Essentially, I am looking for an small enhancement of the Random Forest process in the R GUI called Rattle. From what I can tell by looking at the R Add-In called Party, there are a number of functions included which might mean adding perhaps 5-15 additional lines of code to what I already have (although I could certainly be off on that estimate).
Using the R GUI called Rattle, I can easily select my dataset (see below) and choose a single Y, as well as the random seed, and choose the ratio of training to testing data. Next, I execute the RF (Random Forest) model choosing only the number of trees (default is 500) and the number of predictors (default is the integer of the square root of m total predictors). From this, R (through Rattle's code) gives me the Out-of-Bag Error and the traditional 2x2 classification grid for both training and testing data. Not including the 5 seconds it takes R to run the code, I can set up this scenario from scratch in less than 1 minute. Due to Rattle’s limitations, I can only execute for a single Y at a time. This issue, as well as the inability to aggregate those Out-of-Bag results, is my problem.
The algorithm above is outlined very succinctly at [url removed, login to view]~dzeng/BIOS740/[url removed, login to view] on the first page under the title “The algorithm” and is covered in the listed points 1, 2, 3 and 1. Essentially, what I need done is the very next point they list that says:
2. Aggregated the OOB predictions. (On the average, each data point would be out-of-bag around 36% of the times, so aggregate these predictions.) Calculate the error rate, and call it the OOB estimate of error rate.

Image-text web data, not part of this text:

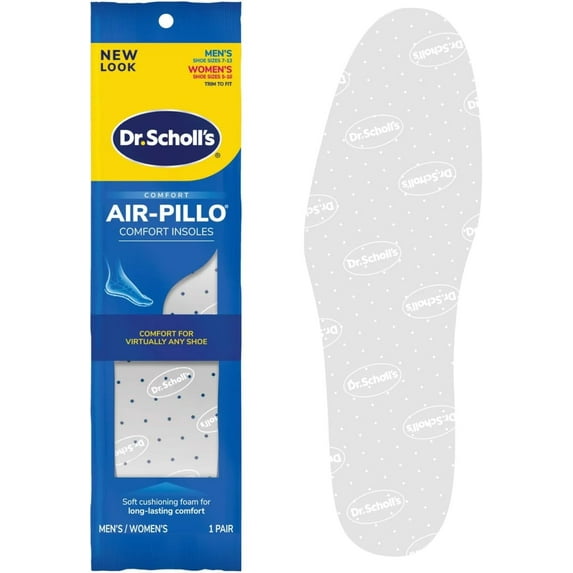 Dr. Scholl’s Air-Pillo Comfort Insoles for Men’s and Women’s Shoes, Soft Cushioning Foam, Trim to Fit, 1 Pair (pack of 2)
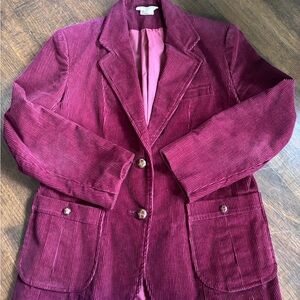 Women's Corduroy Blazer in Rich Burgundy
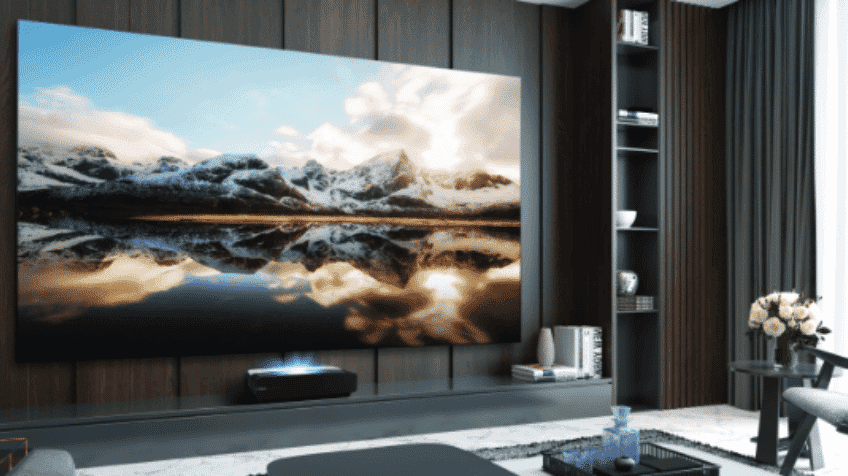 Image of Hisense TV set up with laser projector underneath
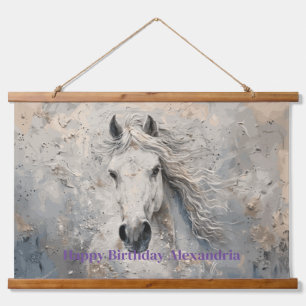 Tapisserie Suspendue Anniversaire du Cheval d'Or Blanc Personnalisé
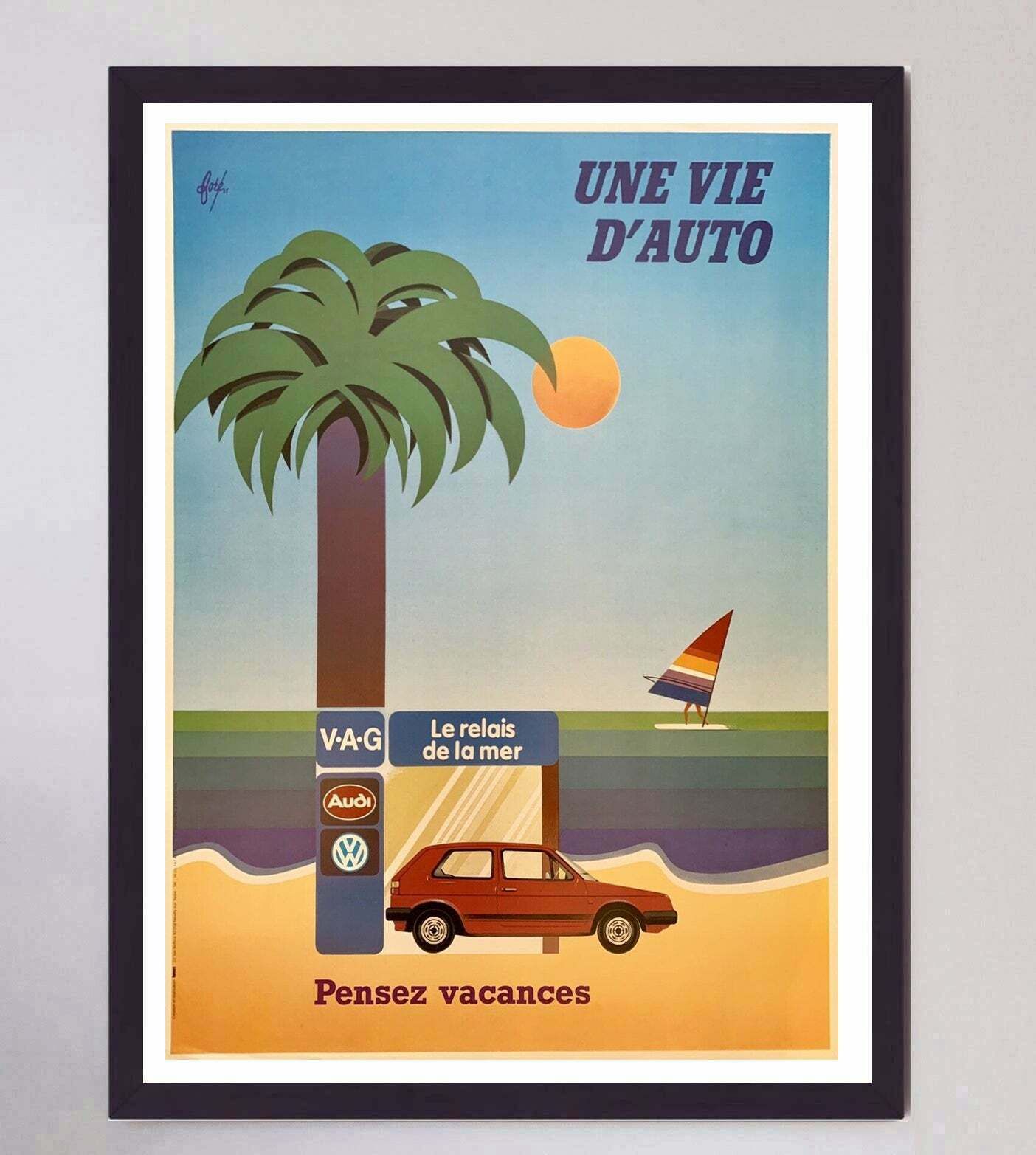 A Life Of Auto   Audi Volkswagen Original Vintage Poster photo furniture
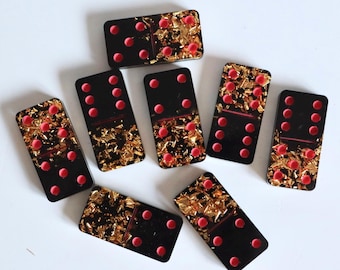 Handmade Epoxy Resin Dominoes Set: Black & Gold Flake Art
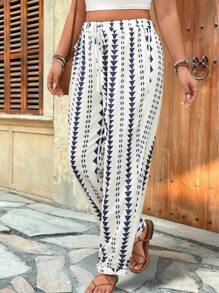 SHEIN Holidaya Pantaloni casual e larghi con stampa a cono, vita con coulisse, adatti alle vacanze, per taglie forti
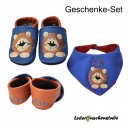 Set Lederpuschen & Wendehalstuch 3mal Namen Löwe Leo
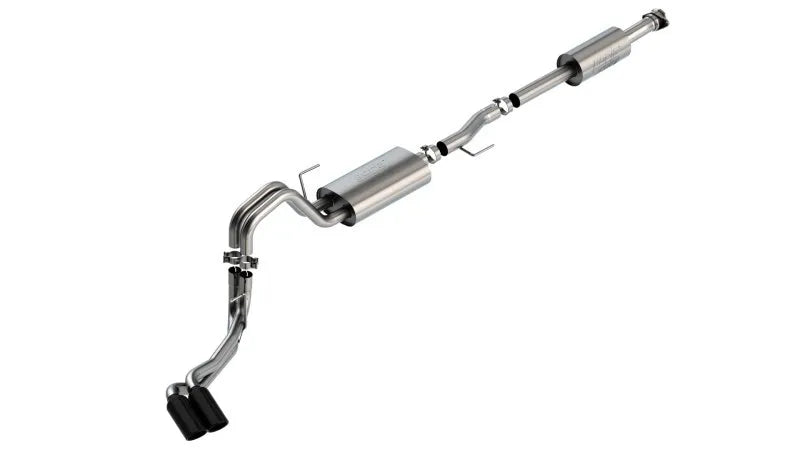 Borla Exhaust Borla F-150 2021 3.3L CC SB EC STB XL/XLT/Lariat/KR/Plnm/LTD 3/2.25 DSE Cat-Back ATAK Black CHR Tips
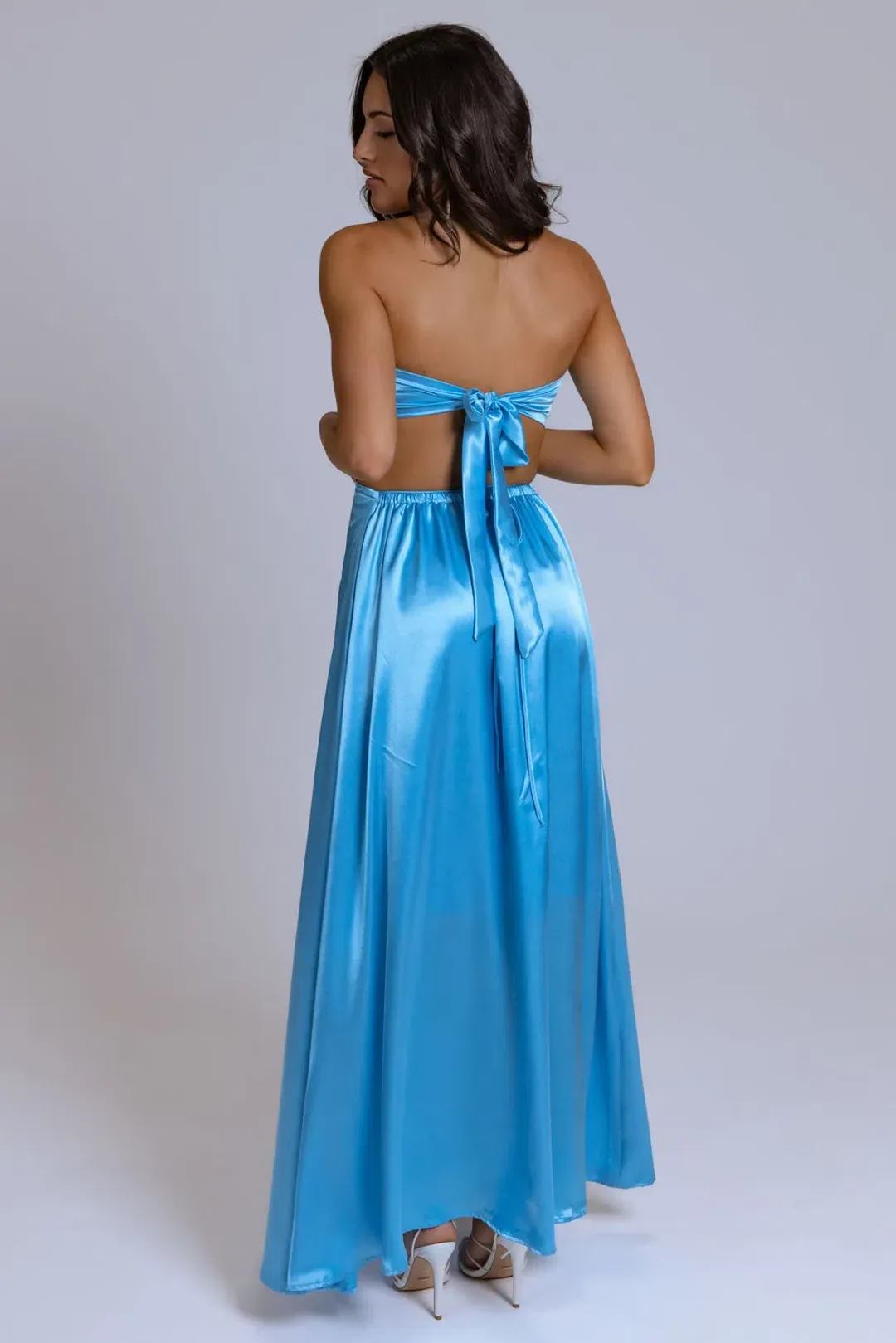 Lane + Sass Luna Dress Blue Size M/ AU 8 for rent on The Volte - main image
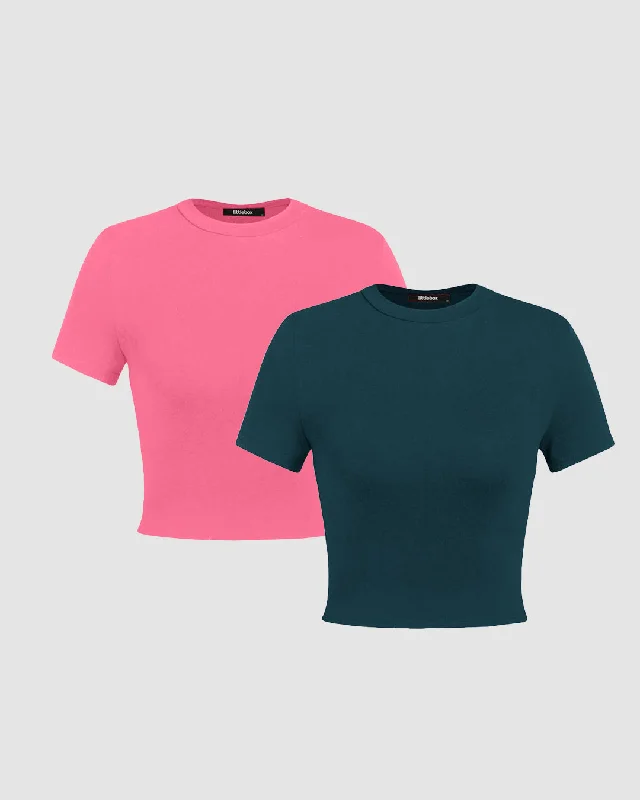 Set Of Two: Solid Round Neck Crop Tee In Dark Blue And Pink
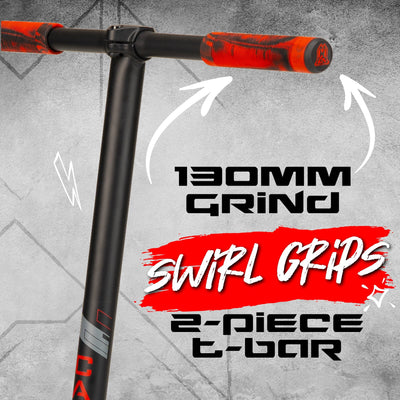 Carve Pro Trick Stunt Scooter - Nero-Rosso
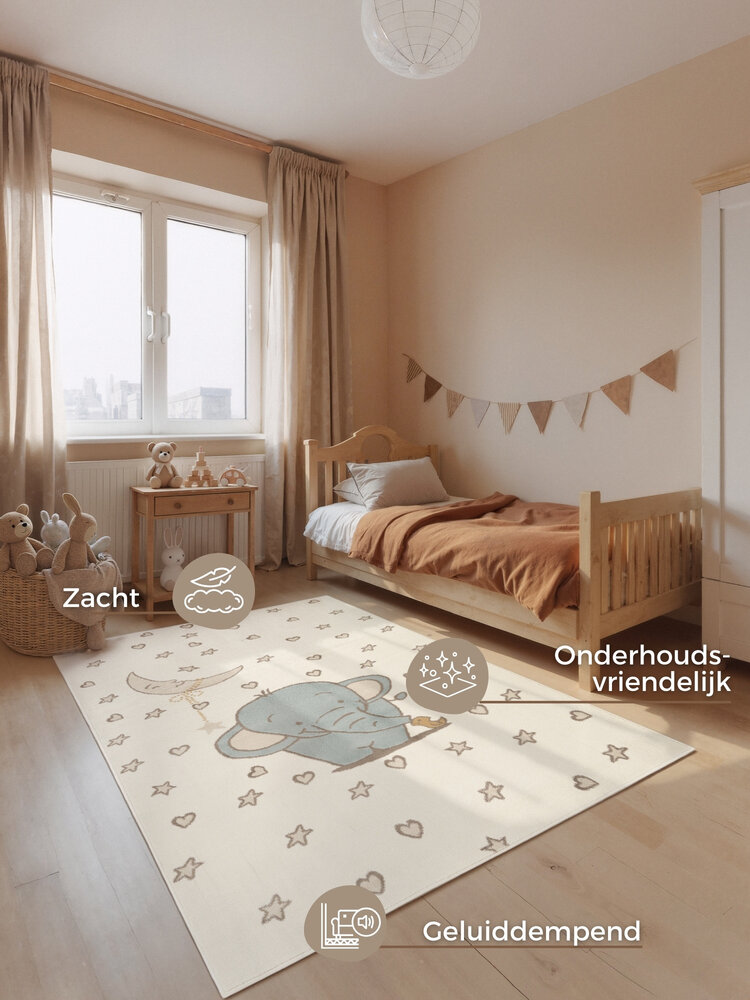 Kindervloerkleed - Adventures Little Ellie Creme/Kleurrijk Kindervloerkleed - Adventures Little Ellie Creme/Kleurrijk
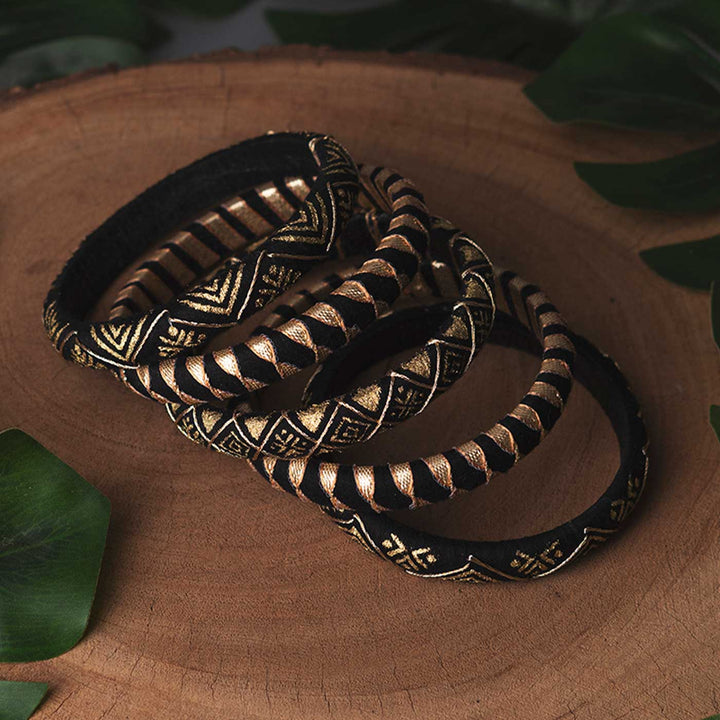 Black & Golden Handcrafted Elegant Gotta Patti Bangles | Set of 5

However, as I am really after the PPV (Positive Prediction Value - i.e. where a 1 is predicted for Yn) and not the global OOB error (due to my data being skewed towards y-values of 0) of the models, I am more interested in the raw prediction counts so I can calculate error rates myself.
I will supply a CSV data sample of ~4000 observations (~50/50 training/testing split) with multiple binary Y's and multiple binary X's and one continuous X (an integer ranging from 0 to ~30) for each observation. I can even supply the R code from Rattle for the procedure I am currently using.
I would like your R code to be able to accept the following inputs from me:
-observations in the format: Observation #, Y1…Yn, X1…Xm
-random seed value
-number of trees value (default is 500)
-number of predictors to be randomly sampled (default is the integer of the square root of m total predictors)
-number of rows at bottom of data list for holdout data (to be scored each round)
-number of rounds (which will be ~1,000 – 1,000,000)
I would like your R code to be able to supply the following outputs to me:
-CSV file with full original data plus the aggregated OOB prediction totals (for both training and testing data) for each observation for each Y (i.e. the number of times the OOB prediction was 0 for each observation for each Y and the number of times the OOB prediction was 1 for each observation for each Y)
If you happen to be aware of an open source R GUI that will already do all of the above for me (and that I can understand and use), you can just help me install it and will not need to supply the R code. As long as it works for me, the project will be considered completed.